La lettura di Dante non solo è oggi riproponibile, ma la scuola non deve privare i giovani di quest’opera, che può colpire la loro immaginazione e affascinarli, anche se hanno perduto i riferimenti familiari al lettore medievale. E smentito anche il luogo comune che la cantica più bella sia l’Inferno: Reale e Cacciari concordano con Umberto Eco, ma anche con Thomas Eliot, che il primato di Cantica più bella va al Paradiso, che consente di comprendere il poema nel suo intero e di coglierne la vera dimensione di senso.

Dante grande visionario, che riesce a fare vedere ciò che lui ha visto e a rendere sensibile l’idea e a farcela sentire come qualcosa che interessa la nostra sensibilità; Dante poeta pensatore, che trasfigura in poesia i concetti, che fa capire che l’uomo – pur restando nella gabbia del pianeta – può guardare il cielo.
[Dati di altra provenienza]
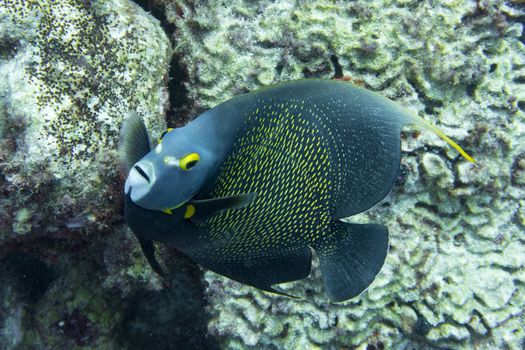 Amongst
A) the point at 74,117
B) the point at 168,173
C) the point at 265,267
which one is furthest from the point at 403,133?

Dante genio pensante, libero e originale pensatore, uomo ai ferri corti con il proprio tempo, che prende posizione in modo spietato contro i mali della Chiesa, che viene denunciato come eretico, che sceglie come ‘suo’ il santo laico borghese degli umanisti fiorentini, san Francesco, che lotta in prima persona per riformare la Chiesa. Dante che compie un viaggio intriso dal desiderio di purificazione, che interroga il reale e mette in campo sempre il dubbio, come motore per esprimere l’idea.

Dante che tanto si commuove davanti a Francesca, perché lui stesso è ancora implicato in modalità affettive simili alle sue, quelle di un amore chiuso, univoco, senza apertura e senza prospettiva, senza dono e senza trascendenza. Dante che colloca Ulisse all’Inferno, perché la sua è una conoscenza fatta di cupidigia, e non è congiunta all’amore, alla cura dell’altro, alla trascendenza, che soli possono dare legittimità al desiderio dell’uomo di varcare i limiti del sapere. Dante che scende tra ‘cani e porci’ e che racconta ciò che crede di aver visto e capito: da solo sarebbe rimasto nella selva, invece grazie alla divina provvidenza si scatena, si sprigiona e ha il dovere di raccontare, perché non c’è libertà che non sia liberare. L’uomo libero, sciolto dalle catene, non ha altro modo per esercitare la libertà che ri-donarla a sua volta, quasi a immagine del dono iniziale. Ecco perchè il prigioniero che sale verso la luce, coerentemente ritorna a liberare i compagni. Un atto politico ed etico di grande responsabilità, di denuncia di colpe ed errori, di impegno civile.

Una conversazione a tutto tondo sui temi della Comedìa dantesca che invita a ripensare e a predisporsi a nuova lettura dei versi del Poeta, non solo sui banchi di scuola, continuando a riconoscerne la genialità, l’intuizione e gli aspetti originali del pensiero e ad apprezzarne la grandezza di vate universale.